The last change being deployed contains the following performance and stability improvements.

What was added:

  • Persistent In-Memory Caching:
    Remote schemas are now stored at an application-level IMemoryCache. It (basically) reduces HTTP calls across different validation runs.

  • Startup Schema Warmup:
    Known schema’s are cached on start-up. Defaults are configured for the core schema files. It prevents delays on the first validation request.

  • Health Visibility:
    The health-check/live endpoint reports on the status of this warmup, making it much easier to monitor cache health in production.

  • Normalised Draft URLs & Upstream Confidence:
    Schema uris are not always consistent. The uri for the schema gets cached based on a normalised url to prevent duplication in the cache.

@jeffc , thanks for all the time you have put into this and the enthusiasm you have shown for a more robust validator that can be used in many situations. From our verbal conversation, here is my simplified understanding of your original message.

Functional changes

The ORUK validation and what it returns to the ORUK website remains unchanged.

You have added an additional endpoint to the validation API that will also validate the schema with which an API is said to conform. You have used this new functionality to validate the Open API schema against the ORUK JSON specification and of the full international specification. You have thereby found issues which you have reported back to Matt. Your references to Quality Scoring and Quality Metrics pertain to the quality of the specification that the validator is testing API endpoints against.

The logic behind these changes is that we can ask a publisher to fully document its API, including the parts which go beyond ORUK

You have also added the option to support authenticated feeds.
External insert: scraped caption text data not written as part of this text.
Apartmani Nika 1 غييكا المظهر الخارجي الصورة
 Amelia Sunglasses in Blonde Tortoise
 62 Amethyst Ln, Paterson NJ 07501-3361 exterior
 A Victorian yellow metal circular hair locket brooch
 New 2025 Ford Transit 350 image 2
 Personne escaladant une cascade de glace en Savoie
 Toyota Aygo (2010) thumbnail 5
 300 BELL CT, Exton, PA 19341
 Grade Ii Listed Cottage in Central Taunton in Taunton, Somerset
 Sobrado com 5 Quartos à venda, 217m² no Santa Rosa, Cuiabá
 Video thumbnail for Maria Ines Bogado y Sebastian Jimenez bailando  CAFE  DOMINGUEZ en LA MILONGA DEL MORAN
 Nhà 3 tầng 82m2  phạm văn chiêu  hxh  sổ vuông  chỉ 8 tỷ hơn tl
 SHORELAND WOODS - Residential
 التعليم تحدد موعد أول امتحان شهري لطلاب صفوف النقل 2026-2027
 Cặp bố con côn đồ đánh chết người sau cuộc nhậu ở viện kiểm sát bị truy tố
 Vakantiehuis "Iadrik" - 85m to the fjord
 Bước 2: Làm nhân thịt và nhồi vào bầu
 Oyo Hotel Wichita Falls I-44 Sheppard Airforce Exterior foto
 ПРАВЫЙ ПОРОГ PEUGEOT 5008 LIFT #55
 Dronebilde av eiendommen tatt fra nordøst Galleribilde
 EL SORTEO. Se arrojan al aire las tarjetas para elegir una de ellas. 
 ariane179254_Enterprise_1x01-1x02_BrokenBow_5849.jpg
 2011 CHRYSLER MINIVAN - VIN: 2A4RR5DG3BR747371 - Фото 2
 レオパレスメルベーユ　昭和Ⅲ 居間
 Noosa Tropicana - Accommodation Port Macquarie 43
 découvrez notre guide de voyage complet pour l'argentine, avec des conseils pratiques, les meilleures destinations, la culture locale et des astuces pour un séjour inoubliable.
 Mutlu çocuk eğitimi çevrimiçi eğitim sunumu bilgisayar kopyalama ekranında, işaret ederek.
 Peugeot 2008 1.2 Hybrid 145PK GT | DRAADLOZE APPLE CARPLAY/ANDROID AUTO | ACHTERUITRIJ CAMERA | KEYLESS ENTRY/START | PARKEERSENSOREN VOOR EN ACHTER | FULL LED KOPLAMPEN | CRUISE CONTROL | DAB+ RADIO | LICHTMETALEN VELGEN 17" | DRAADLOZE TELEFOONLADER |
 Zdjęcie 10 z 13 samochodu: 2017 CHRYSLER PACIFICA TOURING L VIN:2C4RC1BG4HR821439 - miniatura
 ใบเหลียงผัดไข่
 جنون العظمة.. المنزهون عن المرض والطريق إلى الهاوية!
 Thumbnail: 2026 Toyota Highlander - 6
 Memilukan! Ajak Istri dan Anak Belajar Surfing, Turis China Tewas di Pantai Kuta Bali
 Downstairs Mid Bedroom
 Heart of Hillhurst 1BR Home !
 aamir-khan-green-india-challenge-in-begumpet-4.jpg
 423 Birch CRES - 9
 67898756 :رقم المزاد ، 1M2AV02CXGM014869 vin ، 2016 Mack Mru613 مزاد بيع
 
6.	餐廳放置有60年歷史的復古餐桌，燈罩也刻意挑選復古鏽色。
Authentication is only applied if all of the following are satisfied:

  • AllowUserSuppliedAuth environment variable is true

  • The endpoint uses https

  • Exactly 1 authentication option is passed in the request (one of: username/password, bearer token, custom headers/api key)

Performance

You have added schema caching to radically improve the performance of validations of API endpoints.

Robustness

You have added checks which build in security, partly as a result of penetration tests that you have previously run.

Future enhancements

You have suggested further changes to improve texting of the correctness of API feeds and whether the data appears to make sense. You have introduced an “experimental” code branch to test some changes.

As an international group, we need to decide if we manage the validator as one set of code with people such as yourself offering changes for acceptance though appropriate procedures or if ODSC maintains a branch for non-UK purposes. It would be nice if we could achieve the former.